__Input data__.
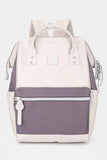 Himawari Water Resistant Canvas Backpack with USB Port.
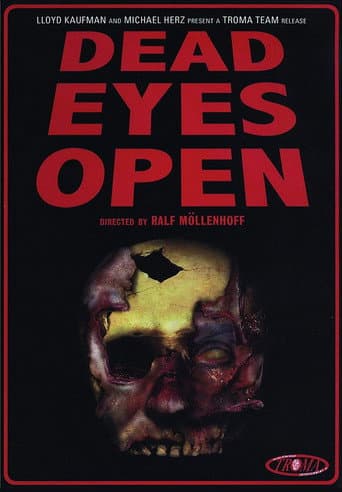 Poster for Dead Eyes Open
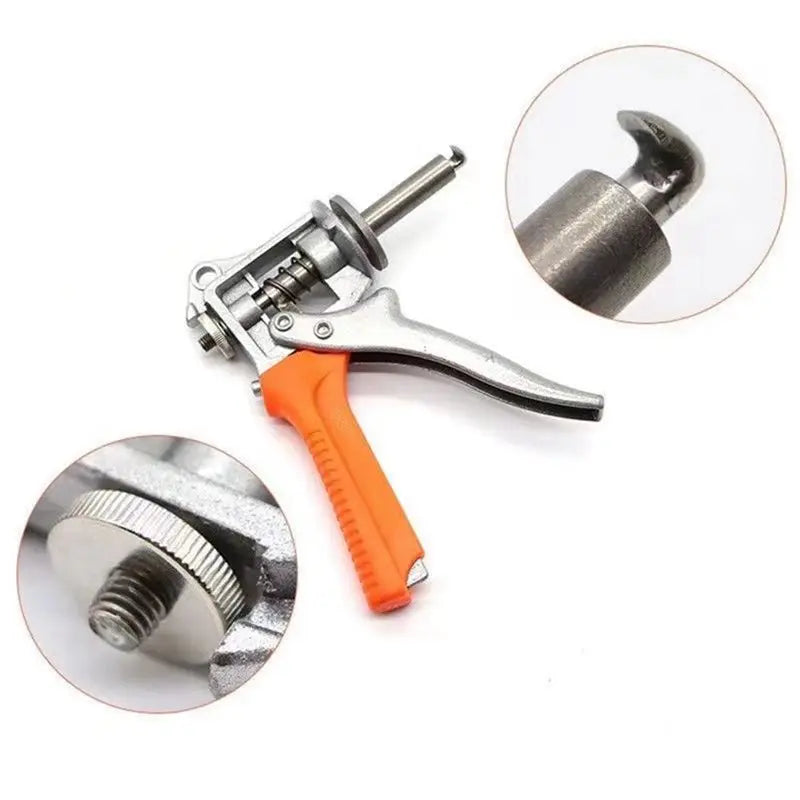 A36T-Non-Trace Repair Tool Aluminum Flat Hole Pliers For Flat Hole Pliers Repairing Process Hole Peaceful Pleasures Health and Wellness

__Problem requirements__. Return the data above in its exact wording, with none of the pictures.

__Problem solution__.
 Himawari Water Resistant Canvas Backpack with USB Port.
 Poster for Dead Eyes Open
 A36T-Non-Trace Repair Tool Aluminum Flat Hole Pliers For Flat Hole Pliers Repairing Process Hole Peaceful Pleasures Health and Wellness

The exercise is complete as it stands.